(Beginning of Exercise data)
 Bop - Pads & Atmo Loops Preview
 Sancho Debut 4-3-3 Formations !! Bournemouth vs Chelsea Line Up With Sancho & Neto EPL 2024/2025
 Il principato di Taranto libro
(End of Exercise data)
### Task description:
Only the lines from the one with "Sancho Debut 4-3-3" through the last line above should be restated, word for word.

### Written response:
 Sancho Debut 4-3-3 Formations !! Bournemouth vs Chelsea Line Up With Sancho & Neto EPL 2024/2025
 Il principato di Taranto libro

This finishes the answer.